__Problem requirements__. Output, exactly as written, the lines below starting at the line containing "Σε μια μπάντα" and ending at the line containing "To Let 3 Bedroom". Drop the pictures and keep both end lines.

__Data records__.
----
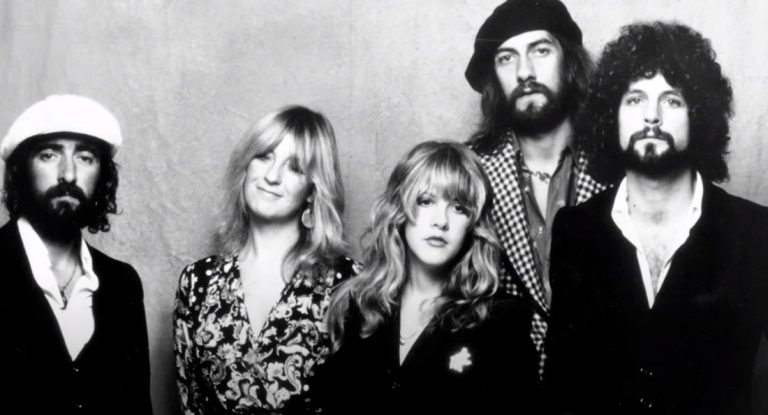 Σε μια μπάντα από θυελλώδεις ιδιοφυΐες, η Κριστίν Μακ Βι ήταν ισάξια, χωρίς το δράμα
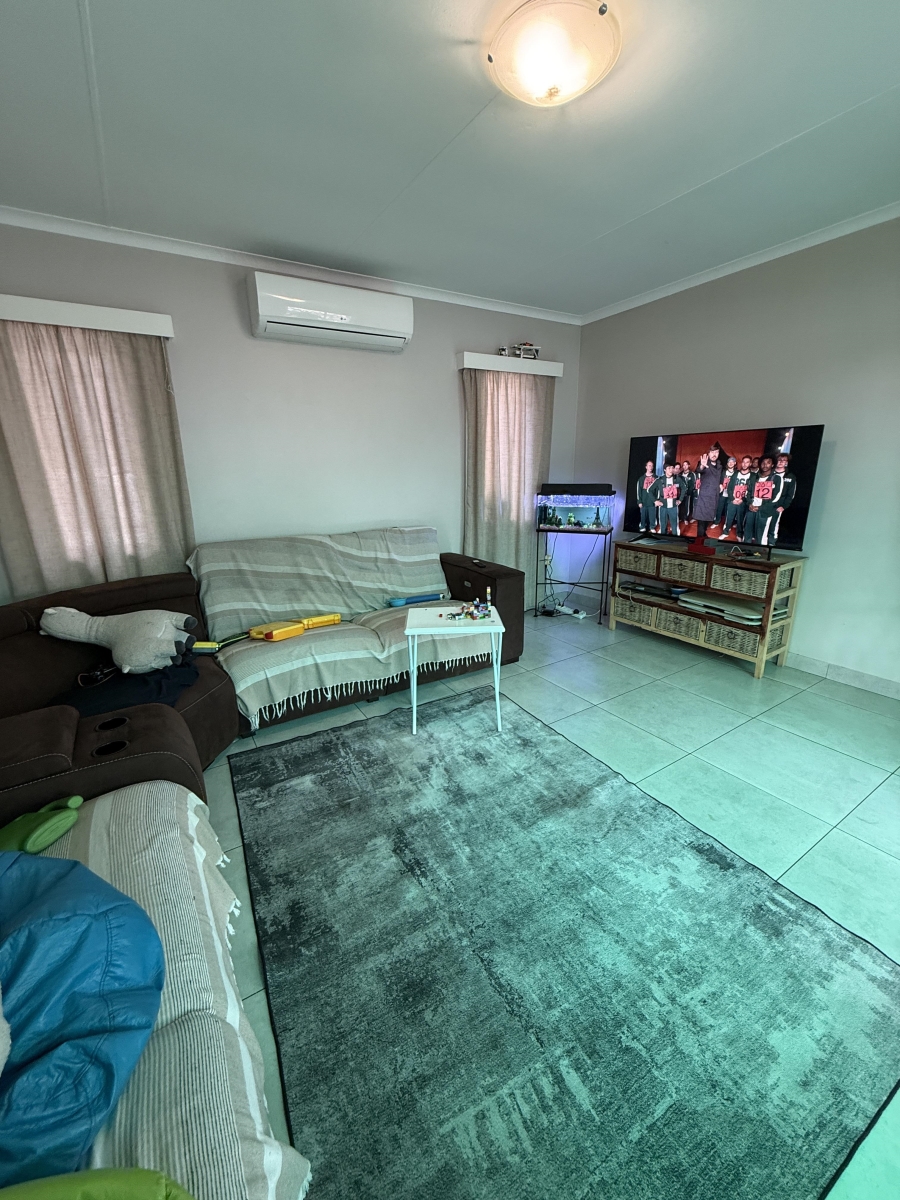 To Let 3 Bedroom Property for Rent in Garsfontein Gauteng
----
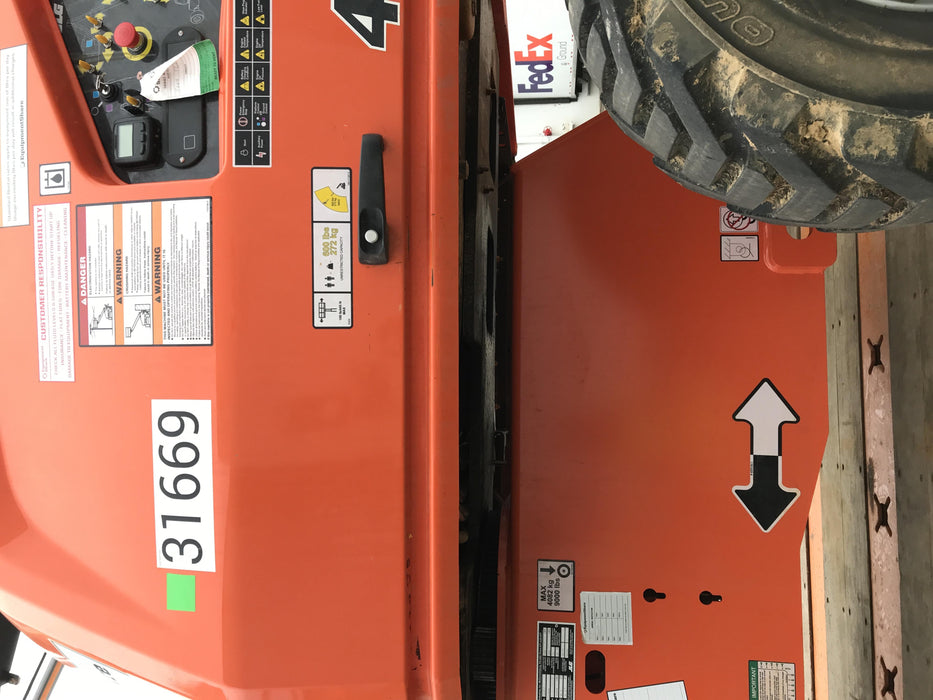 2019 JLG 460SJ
----
__Worked solution__.
 Σε μια μπάντα από θυελλώδεις ιδιοφυΐες, η Κριστίν Μακ Βι ήταν ισάξια, χωρίς το δράμα
 To Let 3 Bedroom Property for Rent in Garsfontein Gauteng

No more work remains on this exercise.